Source: "Women farmers in Upper West receive support" by Michael Quaye and Agnes O. Amoah on Graphics Online
About 20,000 women farmers in the Upper West Region are benefitting from agricultural extension services and other facilities to improve on food production and reduce poverty.
The project is being funded by the Canadian Government at a cost of $20 million, with support from Mennonite Economic Development Associates (MEDA).
The project involve 662 women's groups of about 30 members each, and cover 190 communities in 11 districts of the region. The six-year project, which is in its third year of implementation, involves the supply of a simple electronic device called the Talking Book to each of the women's groups.
The device contains audio messages recorded by experts in agriculture on soyabean farming, and it is intended to enhance agricultural extension services to the women farmers. The project was piloted last year in 30 communities within the Lambussie-Karni District.
The initiative is under the Greater Rural Opportunity Women (GROW) project in the region which offers information on health and nutrition, gender sensitisation, value chain and marketing for agricultural products, and village loans and savings associations to the beneficiary women.
At a day's sensitisation workshop for lead farmers drawn from Nadowli-Kaleo and Daffiama-Bussie-Issa districts, Mr Andy Bayor, Research and Development/ICT Manager of Literacy Bridge, Ghana, a non-governmental organisation in the Upper West Region, said the successful implementation of a pilot project on the use and relevance of the device had necessitated the expansion to cover the entire region.

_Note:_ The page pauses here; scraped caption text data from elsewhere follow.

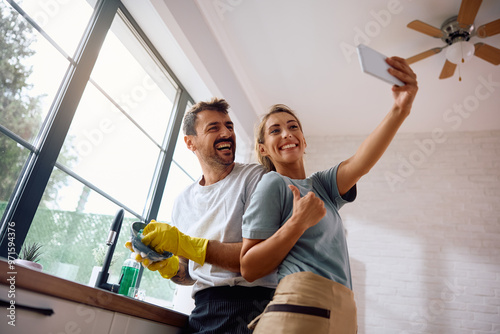 Happy woman taking selfie with her boyfriend who is doing the dishes in kitchen.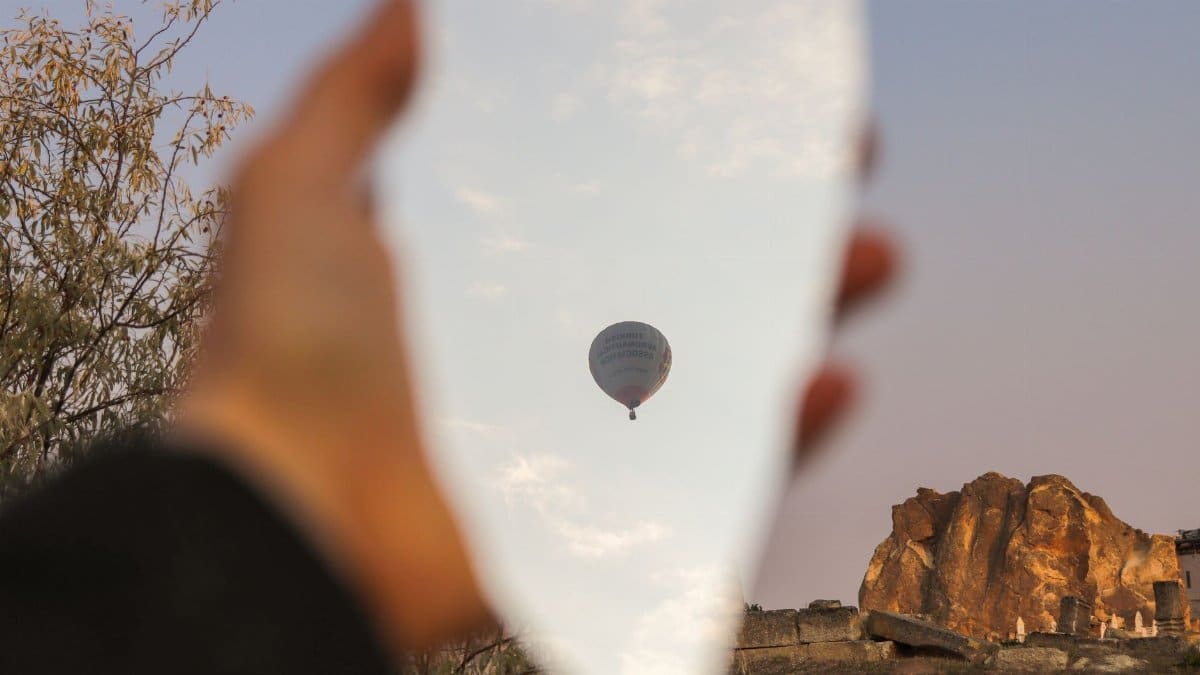 Creative view of hot air balloon reflected in a piece of broken mirror outdoors.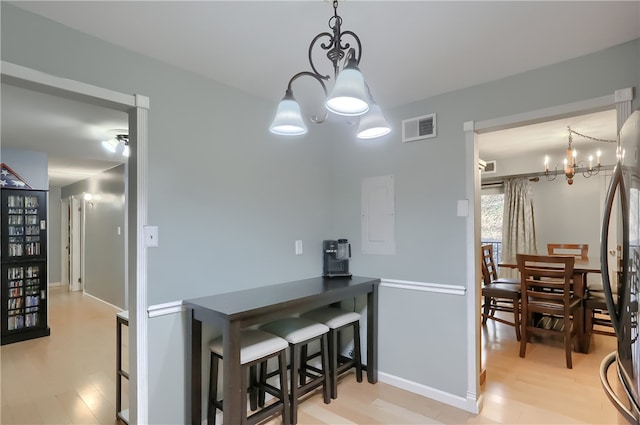 interior space with decorative light fixtures, a chandelier, black fridge, and light wood-type flooring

He said the device had come to save time for other partners in the project who otherwise would have needed to transport personnel and experts onto the fields to engage farmers.
The project, according to the Programme Coordinator of MEDA, Mr Livinus Balog, was a collaboration between MEDA and Literacy Bridge, with support from key facilitating partners, including ProNet North, Partnership for Rural Development Action (PRUDA), Country Aid for Rural Development (CARD) and Centre for the Alleviation of Poverty, Environment and Child Support.
He said the ratio of one extension officer to about 500 farmers in the region had made it almost impossible for the extension officers to be useful to farmers or effective in their work.
"The device bridges that gap and helps the women farmers to acquire some knowledge that may otherwise never be available to them because of the small number of extension officers around," he said.